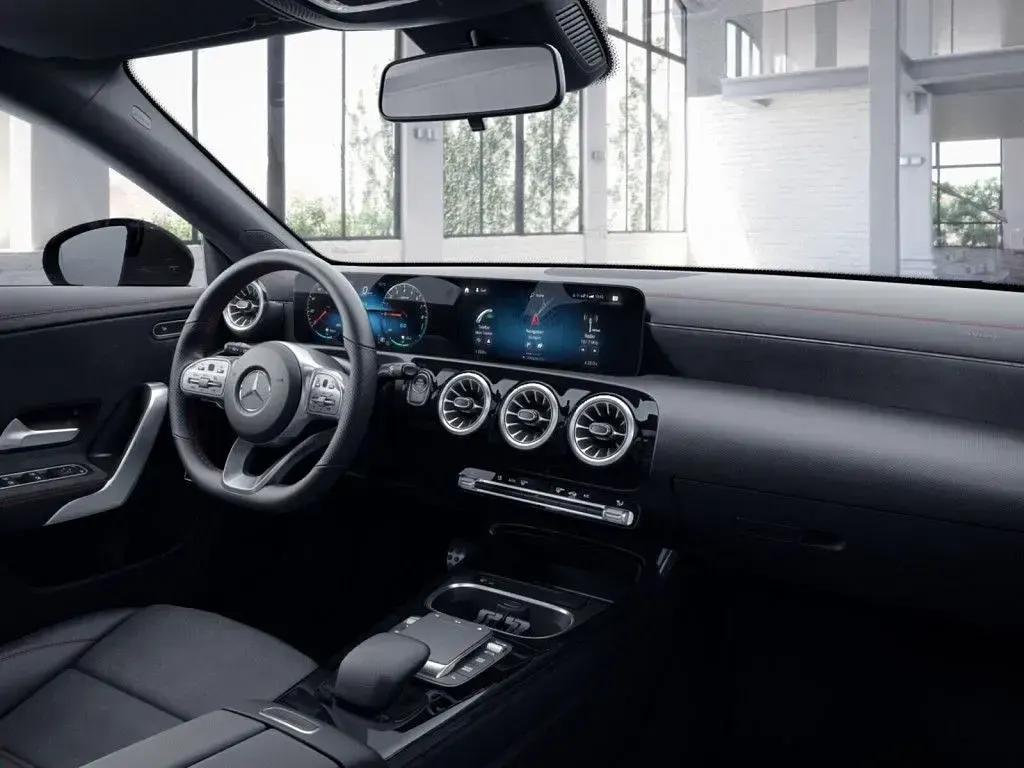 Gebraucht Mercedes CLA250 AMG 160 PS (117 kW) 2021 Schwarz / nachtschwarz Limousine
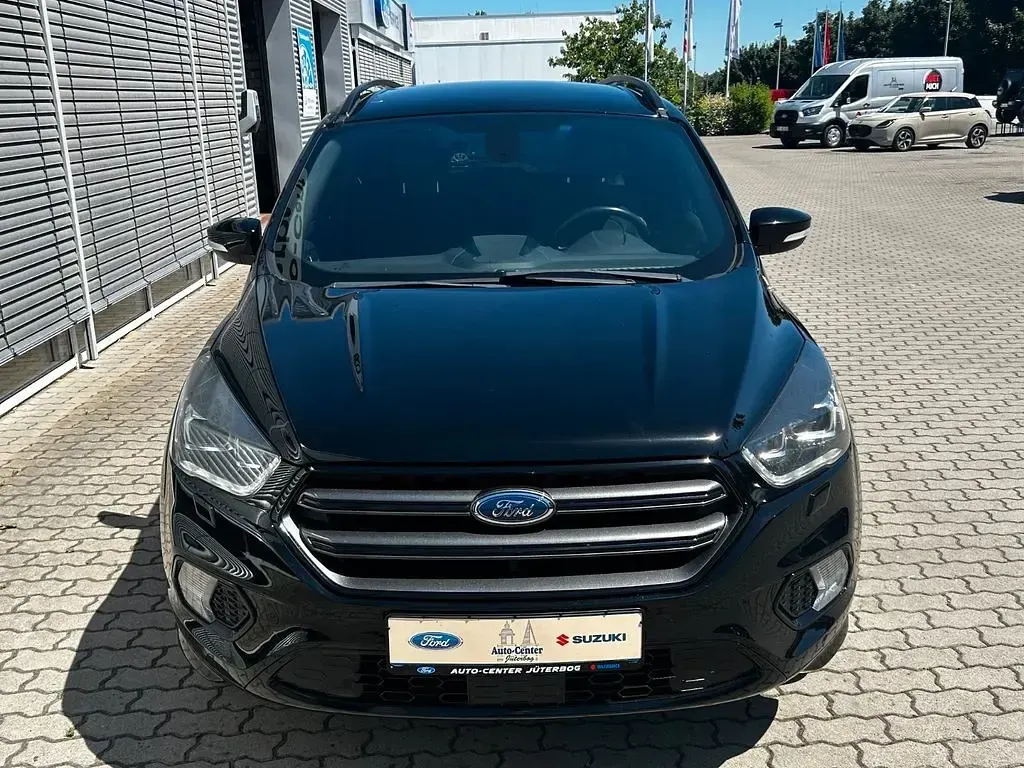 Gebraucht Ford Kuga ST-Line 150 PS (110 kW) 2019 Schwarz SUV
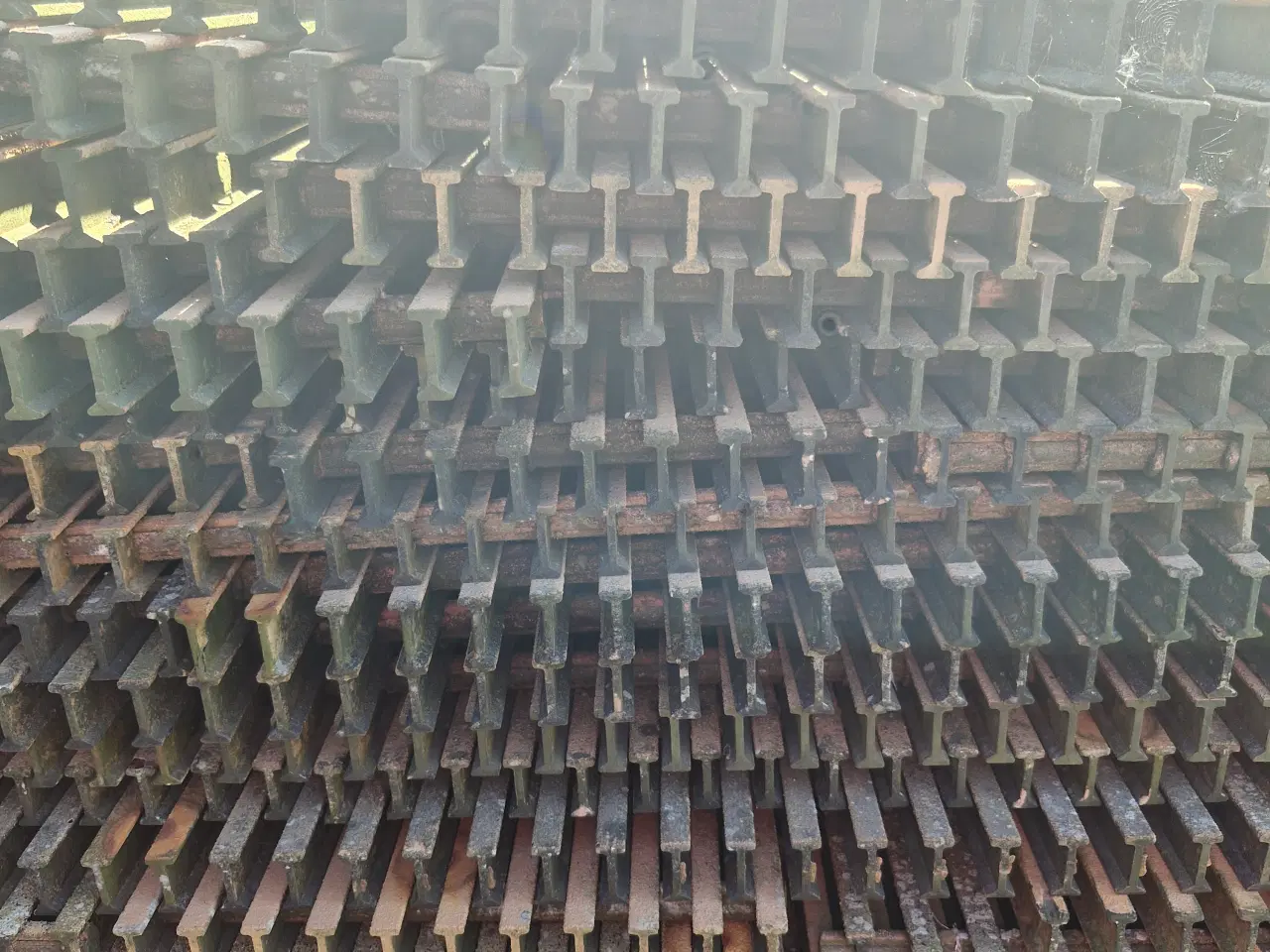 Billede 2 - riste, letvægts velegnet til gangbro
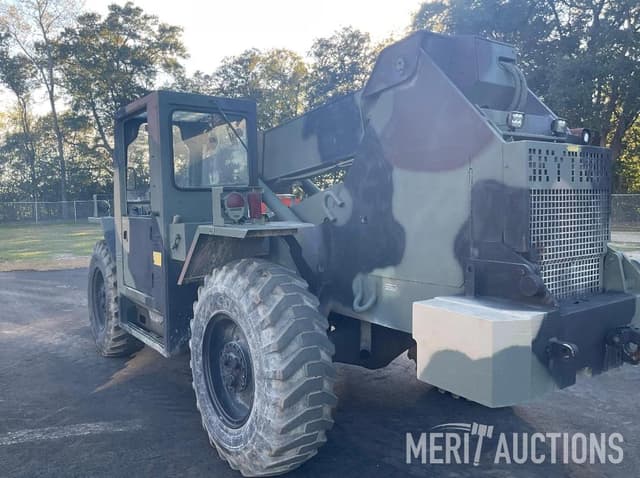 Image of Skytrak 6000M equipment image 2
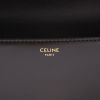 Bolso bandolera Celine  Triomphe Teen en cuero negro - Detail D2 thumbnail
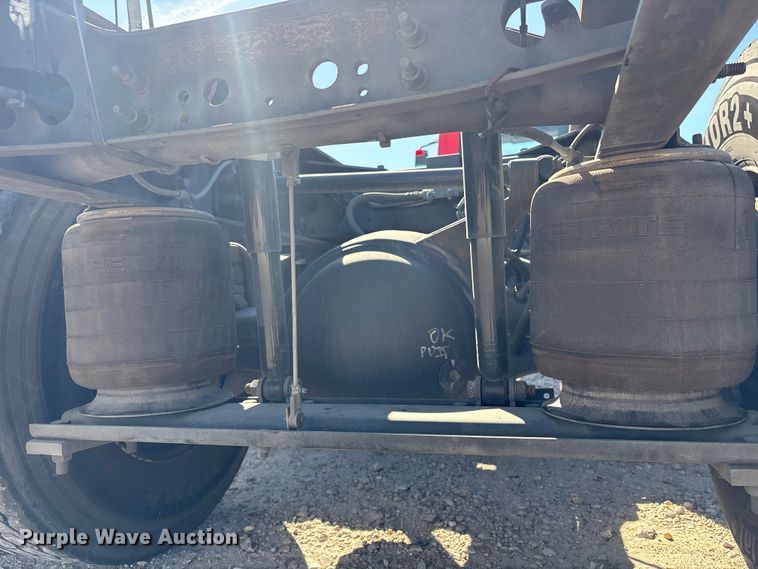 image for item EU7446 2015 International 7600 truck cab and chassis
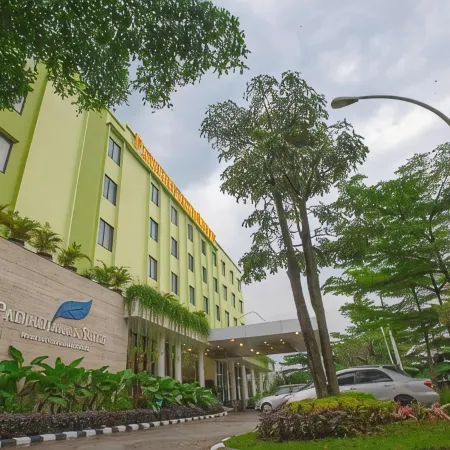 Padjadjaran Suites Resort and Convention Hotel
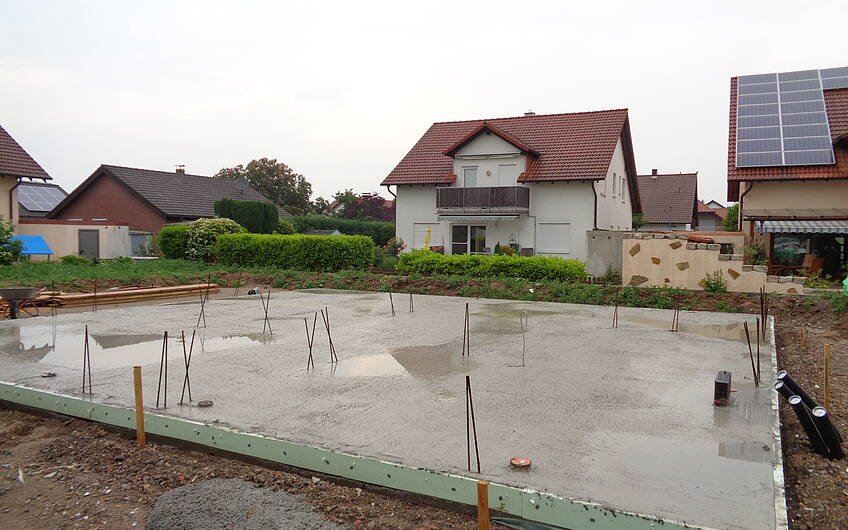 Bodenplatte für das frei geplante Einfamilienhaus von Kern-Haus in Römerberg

________

WHAT IS BEING ASKED. Output the records verbatim without pictures.

ANSWER TO THIS PROBLEM.
 Gebraucht Mercedes CLA250 AMG 160 PS (117 kW) 2021 Schwarz / nachtschwarz Limousine
 Gebraucht Ford Kuga ST-Line 150 PS (110 kW) 2019 Schwarz SUV
 Billede 2 - riste, letvægts velegnet til gangbro
 Image of Skytrak 6000M equipment image 2
 Bolso bandolera Celine  Triomphe Teen en cuero negro - Detail D2 thumbnail
 image for item EU7446 2015 International 7600 truck cab and chassis
 Padjadjaran Suites Resort and Convention Hotel
 Bodenplatte für das frei geplante Einfamilienhaus von Kern-Haus in Römerberg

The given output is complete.